The proposal requires the adoption of the ruling Supreme Council of Armed Forces to be binding. It would allow the military to unilaterally determine its own budget, influence in the appointment of representatives who will write the constitution and effectively call for a rewrite of a proposed constitution. It also designates the armed forces as a guardian of constitutional legitimacy, a vague phrase that some have interpreted as a sanctioning the military exercising final say over the political process.
Islamists are expected to score significant gains in upcoming parliamentary elections, and the proposal is designed in part to dilute their role in shaping the constitution. Under the proposal 80 of the 100 people tasked with composing the document would be drawn from outside of the legislative body, prompting a spokesperson for the Muslim Brotherhood, the most prominent Islamic party, to tell the Associated Press that the proposal contravenes the people's will.
All political groups are upset with this but the Muslim Brotherhood is livid, because they understood their role as faithful servants to a process that may not have been fair but they've essentially done what the Supreme Council of Armed Forces wanted them to do, and so they see as a way they're having their power checked, said Joshua Stacher, an expert on Middle Eastern Politics at Kent State University. He said that the proposal was effectively an attempt to sharpen divisions between the Islamists and secularists, a tactic of dividing the opposition that he called Mubarak 101.
The constitutional assembly would draw a set amount of members from different segments of society, including from trade unions, courts and universities; 30 to 40 of those slots would likely go to people who were appointed or strongly influenced by the military, according to Ellis Golberg, a professor of political science and Egypt expert at the University of Washington.
I think it basically an end-run around the parliament and an attempt to give the military not absolute power but decisive weight both in the makeup of this assembly and in it coming to some sort of outcome that's desirable for the armed force, said Goldberg.
The proposal would essentially allow the military to dissolve the constitutional assembly and create a new one if it does not reach a consensus swiftly enough. The military would also be able to reject a constitution produced by the assembly and call on the country's high court to rule on the document's legitimacy, a scenario under which the court would likely side with the military because it would have no working constitution on which to base a ruling, Goldberg said.
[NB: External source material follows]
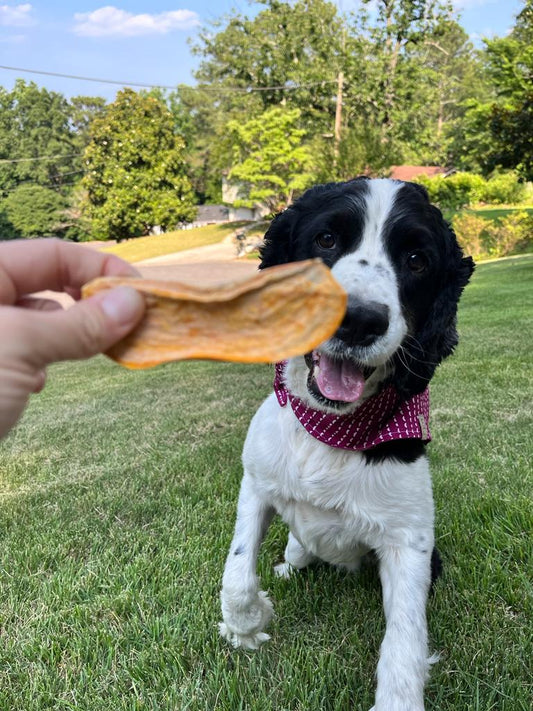 Dehydrated Sweet Potato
I think what they're basically telling the Muslim Brotherhood is if you write a constitution the liberals don't like, then we're going to send it to the constitutional court and they're going to tell you what's wrong with it, Goldberg said.
The Supreme Council of Armed forces would also have sole authority to determine the military budget and would have no need to obligation to disclose how much it was spending, a measure that drew angry denunciations and some walkouts at a meeting between political party leaders and the military rulers. In addition, the Supreme Counciol of Armed Forces would have to approve any decision to go to war.
It essentially builds SCAF into the political process as a sort of fourth pillar and one that is utterly and completely unaccountable to the people, Stacher said. You have your judicial branch, your legislative, your executive branch and SCAF.